What Happens to the Product

Here's what barely came up at that meeting, and what I keep thinking about.

Reducing the cost of producers changes the product. When the main optimisation criterion is cost-per-content-unit, quality becomes the first variable to sacrifice. Not intentionally — just by the logic of the system.

AI is good at solving the problem it's given. The issue is that it's being given the wrong problem. Clickthrough, retention, completion rates are measurable, and the model optimises them well. To do that, it leans on the most reliable behavioural levers: anxiety, FOMO, fast dopamine hits. Not depth — button-pressing.

The result is already visible: structural homogeneity. Identical grabby headlines, cloned formats, copy-paste content. Each piece technically does its job — captured attention for a few seconds. In a spreadsheet, that looks like a win. At the market level, it's the slow devaluation of the product itself.
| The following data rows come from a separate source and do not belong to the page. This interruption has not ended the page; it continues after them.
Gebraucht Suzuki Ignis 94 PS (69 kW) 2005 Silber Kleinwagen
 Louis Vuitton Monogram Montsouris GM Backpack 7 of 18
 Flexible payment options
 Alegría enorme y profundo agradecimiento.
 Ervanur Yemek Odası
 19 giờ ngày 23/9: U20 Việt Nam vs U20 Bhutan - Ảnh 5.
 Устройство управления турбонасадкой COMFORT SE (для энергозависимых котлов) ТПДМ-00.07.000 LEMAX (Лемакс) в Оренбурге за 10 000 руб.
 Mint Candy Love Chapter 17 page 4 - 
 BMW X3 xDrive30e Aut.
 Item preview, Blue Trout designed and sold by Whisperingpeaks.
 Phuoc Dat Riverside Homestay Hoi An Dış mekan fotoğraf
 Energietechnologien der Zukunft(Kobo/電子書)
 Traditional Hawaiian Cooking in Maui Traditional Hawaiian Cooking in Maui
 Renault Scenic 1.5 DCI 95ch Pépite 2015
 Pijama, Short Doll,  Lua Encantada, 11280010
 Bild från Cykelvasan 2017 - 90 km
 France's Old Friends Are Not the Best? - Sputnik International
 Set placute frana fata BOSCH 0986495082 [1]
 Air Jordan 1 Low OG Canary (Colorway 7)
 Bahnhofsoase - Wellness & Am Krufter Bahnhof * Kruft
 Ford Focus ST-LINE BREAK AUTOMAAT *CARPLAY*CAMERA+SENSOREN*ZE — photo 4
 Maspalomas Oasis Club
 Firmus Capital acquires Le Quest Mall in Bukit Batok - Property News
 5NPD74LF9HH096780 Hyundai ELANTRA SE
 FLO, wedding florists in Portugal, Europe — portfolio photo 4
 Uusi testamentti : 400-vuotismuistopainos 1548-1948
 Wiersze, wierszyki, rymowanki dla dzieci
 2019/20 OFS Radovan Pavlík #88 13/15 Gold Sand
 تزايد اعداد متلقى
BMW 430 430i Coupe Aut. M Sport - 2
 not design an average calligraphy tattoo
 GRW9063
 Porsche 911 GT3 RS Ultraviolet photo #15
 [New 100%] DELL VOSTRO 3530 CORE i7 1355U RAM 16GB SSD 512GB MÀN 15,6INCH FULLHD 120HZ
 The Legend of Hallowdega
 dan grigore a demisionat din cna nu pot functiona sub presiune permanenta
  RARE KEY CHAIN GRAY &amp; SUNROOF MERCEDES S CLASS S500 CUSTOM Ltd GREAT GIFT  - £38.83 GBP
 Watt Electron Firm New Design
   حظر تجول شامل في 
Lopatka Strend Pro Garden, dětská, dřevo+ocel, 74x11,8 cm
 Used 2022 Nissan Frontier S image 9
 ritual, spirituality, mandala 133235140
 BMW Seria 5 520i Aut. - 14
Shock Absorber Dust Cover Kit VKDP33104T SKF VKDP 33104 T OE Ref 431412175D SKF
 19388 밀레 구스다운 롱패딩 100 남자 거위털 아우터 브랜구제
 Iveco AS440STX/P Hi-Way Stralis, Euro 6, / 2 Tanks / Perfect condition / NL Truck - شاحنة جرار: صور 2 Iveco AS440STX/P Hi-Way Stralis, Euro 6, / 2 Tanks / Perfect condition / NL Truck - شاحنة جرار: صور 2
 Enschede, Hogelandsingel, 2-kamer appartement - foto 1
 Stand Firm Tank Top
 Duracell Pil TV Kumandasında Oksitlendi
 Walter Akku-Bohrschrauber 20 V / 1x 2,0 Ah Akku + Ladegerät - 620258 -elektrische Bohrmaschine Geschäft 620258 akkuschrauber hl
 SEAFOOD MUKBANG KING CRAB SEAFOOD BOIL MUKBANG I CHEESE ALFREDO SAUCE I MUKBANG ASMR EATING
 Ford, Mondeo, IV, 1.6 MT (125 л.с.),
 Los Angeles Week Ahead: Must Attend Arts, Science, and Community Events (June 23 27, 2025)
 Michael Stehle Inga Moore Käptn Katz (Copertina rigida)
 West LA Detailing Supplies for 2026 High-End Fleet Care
When everyone produces the same thing, differentiation disappears — and so does the reason an audience chose a particular brand or publication in the first place.

It's a classic race-to-the-bottom trap: every player behaves rationally, the aggregate result destroys the market for everyone.

The Server Rack Where the Office Used to Be

The logic I heard at that meeting, taken to its conclusion, draws a simple picture: not a team in an office — a server rack. Not an editorial room — a generation pipeline. Some companies are already moving there. Quietly.

Short-term, it works. Long-term, it's less obvious. Business history has plenty of examples of aggressive cost optimisation producing things that are technically flawless but stopped being needed. Companies that removed humans from customer touchpoints and discovered that loyalty left with the headcount.

Human "inefficiency" in creative work — disagreement, subjectivity, reframing the brief — isn't a bug. It's the mechanism that produces differentiation. It's what makes work feel like it came from somewhere. AI removes that mechanism along with the costs.

What's left on the other end of this optimisation, I'm genuinely not sure. And I suspect the people doing the optimising aren't entirely sure either.